Today is the last regular season game for David Ortiz, the most important Boston sports persona of my life.  I’m a grown ass woman and I am going to cry like a baby during the ceremony.  Like a BABY.  

What does David Ortiz mean to us?   Just everything.  He was a cast away from a team that didn’t know what to do with him.  He came to us, a huge man with a huge personality and a huge heart.   He’s been a leader on the field, in life and in our hearts.   See, in our absolute darkest of times, after having been eliminated in the 2003 ALCS in the most excruciating way,  living through the long, long off season where we didn’t sign ARod (lesson:  what you think you want is not always what you really need), after a magical season to find ourselves in the playeoffs against our most fierce rival, only to go down 3-0, losing game 3 in the most humilating of fashsions.  We were going to get swept by the New York Yankees on our own field.  The abyss loomed and the dread was palpable.   And then Millar walked (there is life for the Red Sox), Dave Roberts came in to pitch run, Bill Mueller waited through a number of throw overs (Bill Mueller still waiting for his first pitch), until Dave Roberts stole second, the Mueller hit him in (Bill Mueller… has tied it).   For three excrutating innings we remained tied, late into the night.  No one went to bed.  No one went to bed for the entire ALCS, actually.   

And then…. Ortiz into deep right field.  Back is Sheifield.  We’ll see you later tonight.   

The Red Sox didn’t lose another game that season, winning three more against the Yankees, then four straight against the Cardinals to win the World Series.   That is what hope, heart and hard work can do.   That swing changed a fan base long used to losing, long used to heart break.  We have pre-2004 and post-2004 thinking now.  What he gave us was hope.  Hope that even when things appear their darkest, things can still change, things can get better.   Every time he approaches the plate, there is hope that this game can turn around.  Life can turn around.  And that is priceless.   Thank you so much for that gift, my friend.    

So many other hits, so many other memories… from worst to first, to worst to worst to first again, and then in our darkest time, he reminded us what really matters.   An immigrant who became a US citizen, but whose home is Boston, he is what this country is all about.  
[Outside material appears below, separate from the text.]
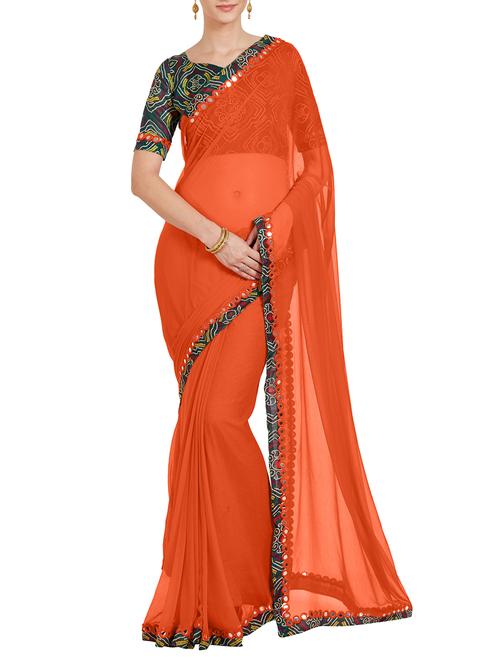 orange chiffon bordered saree with blouse - 15201061 - Very Small Image - 1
So today will be the last regular season game, but we still have the playoffs, so I don’t have to say goodbye just yet.  But we will miss you and everything you represent, our Big Papi.  

#ThanksPapi

 

 

EXTRA… for those of you don’t know what it was like to be a Red Sox fan and just how much we changed after 2004 (and 2007 and 2013), I highly encourage you to watch the following back to back:

Still We Believe.  The Boston Red Sox Movie.   A documentary about the 2003 season..

http://www.imdb.com/title/tt0403893/

Four Days in October.   The four days where the Red Sox went from 0-3 in the ALCS to the World Series.

Oh and by the way, the 2004 ALCS?   His hit won Game 5, too. 

And yeah, he hit a grand slam in the 2013 World Series.   The picture of the cop in the bullpen is STILL my phone home screen.